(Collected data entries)
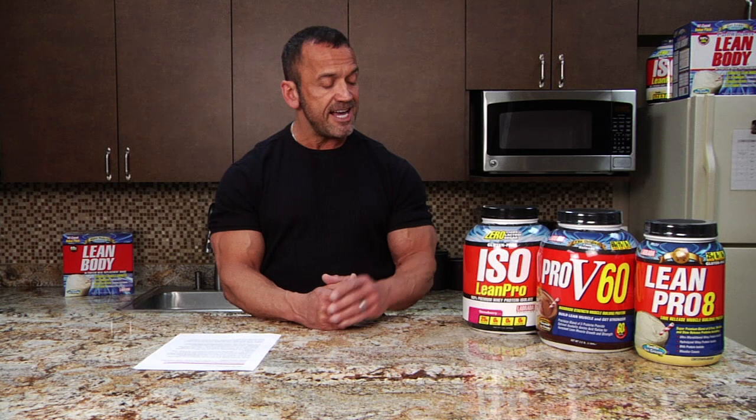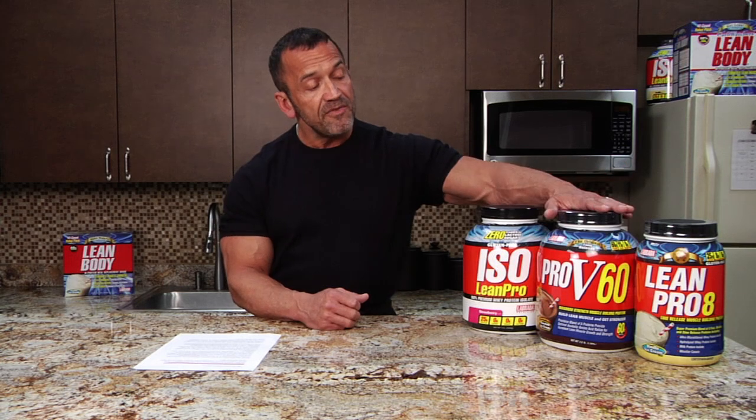So to summarize, whey protein isolate such as our Iso Lean Pro is quickly absorbed and is ideal for consumption right after your workout or at other times when fast digestion is necessary. Protein blends such as our Pro B60 or Lean Pro 8 can be used at other times of the day, along with meals or as separate protein shakes.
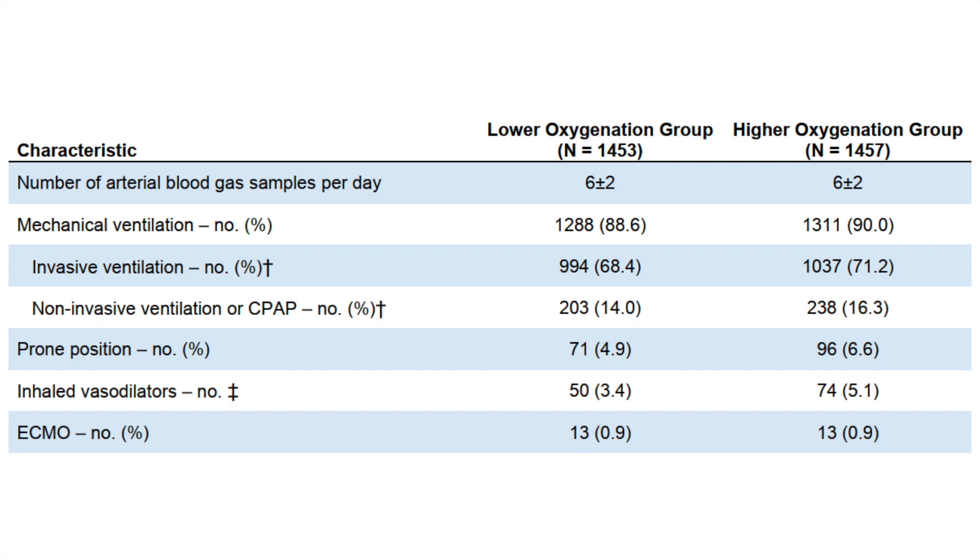Because the study targeted PaO2, arterial blood gas sampling was not predetermined, leaving physicians free to obtain ABGs as needed — roughly 6 ± 2 per day. Mechanical ventilation use increased after ICU admission, with most patients transitioning to invasive ventilation. Notably, only 4–6% of patients were placed on prone ventilation despite a large proportion having ARDS on mechanical ventilation, which may have contributed to the elevated mortality observed. ECMO was used in approximately 13 patients per group, making PaO2 interpretation unreliable for those patients.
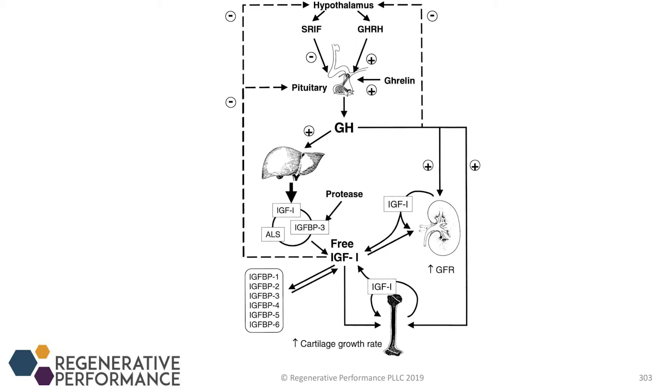Growth hormone goes out into the periphery, goes to the liver, where the liver gets that message and makes IGF-1. It's not just the liver — muscle cells and different cells in the body can also take growth hormone and make IGF-1 — but it's the liver that does the predominant production of IGF-1.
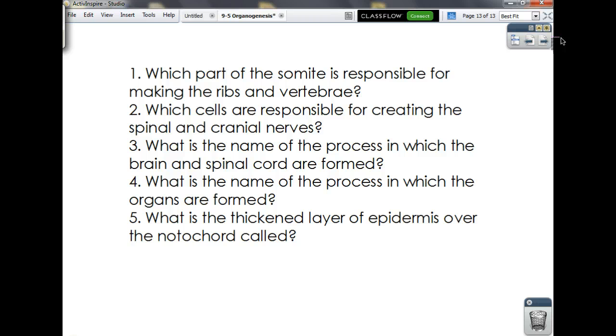So what are your questions? One: which part of the somite is responsible for making the ribs and the vertebrae? Two: which cells are responsible for creating the spinal and cranial nerves? Three: what's the name of the process in which the brain and spinal cord are formed? Four: what's the name of the process in which organs are formed? And five: what is the thickened layer of epidermis over the notochord called? Thank you guys very much — sorry it took a while to get up, but I will see you all tomorrow.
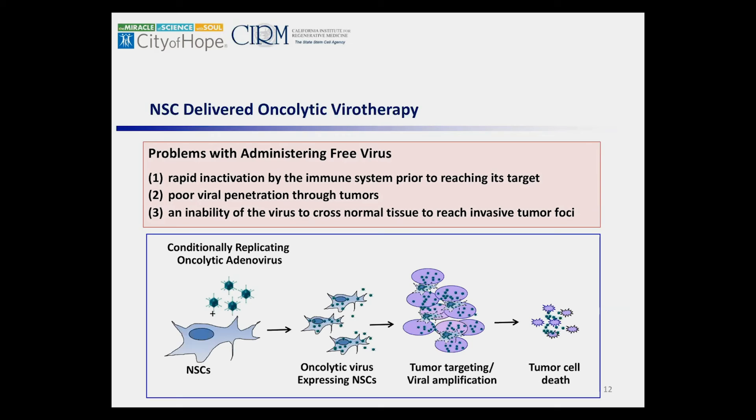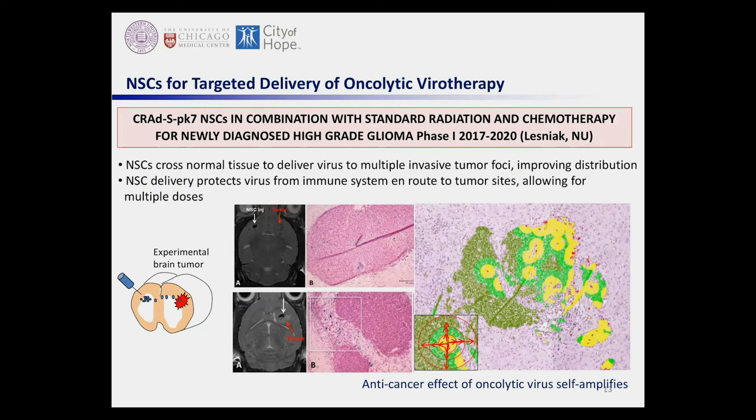We also went to clinical trial with an oncolytic virotherapy. The same stem cells are now making an oncolytic virus. This virus will infect tumor cells, keep dividing until it bursts the tumor cell open, then spread to the next tumor cells — amplifying until it hits normal tissue. This is important because even if tumor cells are chemo-resistant or radiation-resistant, it's still effective. Free virus gets neutralized by the immune system, doesn't reach tumor sites well, and can't be given in multiple rounds. By encasing the virus in stem cells, the stem cells protect it on the way to the tumor site, allowing more virus to reach the tumor and enabling multiple rounds of treatment.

— TRY IT —
Print each entry above verbatim, pictures left out.

— ANSWER FOR THE TASK —
So to summarize, whey protein isolate such as our Iso Lean Pro is quickly absorbed and is ideal for consumption right after your workout or at other times when fast digestion is necessary. Protein blends such as our Pro B60 or Lean Pro 8 can be used at other times of the day, along with meals or as separate protein shakes.
Because the study targeted PaO2, arterial blood gas sampling was not predetermined, leaving physicians free to obtain ABGs as needed — roughly 6 ± 2 per day. Mechanical ventilation use increased after ICU admission, with most patients transitioning to invasive ventilation. Notably, only 4–6% of patients were placed on prone ventilation despite a large proportion having ARDS on mechanical ventilation, which may have contributed to the elevated mortality observed. ECMO was used in approximately 13 patients per group, making PaO2 interpretation unreliable for those patients.
Growth hormone goes out into the periphery, goes to the liver, where the liver gets that message and makes IGF-1. It's not just the liver — muscle cells and different cells in the body can also take growth hormone and make IGF-1 — but it's the liver that does the predominant production of IGF-1.
So what are your questions? One: which part of the somite is responsible for making the ribs and the vertebrae? Two: which cells are responsible for creating the spinal and cranial nerves? Three: what's the name of the process in which the brain and spinal cord are formed? Four: what's the name of the process in which organs are formed? And five: what is the thickened layer of epidermis over the notochord called? Thank you guys very much — sorry it took a while to get up, but I will see you all tomorrow.
We also went to clinical trial with an oncolytic virotherapy. The same stem cells are now making an oncolytic virus. This virus will infect tumor cells, keep dividing until it bursts the tumor cell open, then spread to the next tumor cells — amplifying until it hits normal tissue. This is important because even if tumor cells are chemo-resistant or radiation-resistant, it's still effective. Free virus gets neutralized by the immune system, doesn't reach tumor sites well, and can't be given in multiple rounds. By encasing the virus in stem cells, the stem cells protect it on the way to the tumor site, allowing more virus to reach the tumor and enabling multiple rounds of treatment.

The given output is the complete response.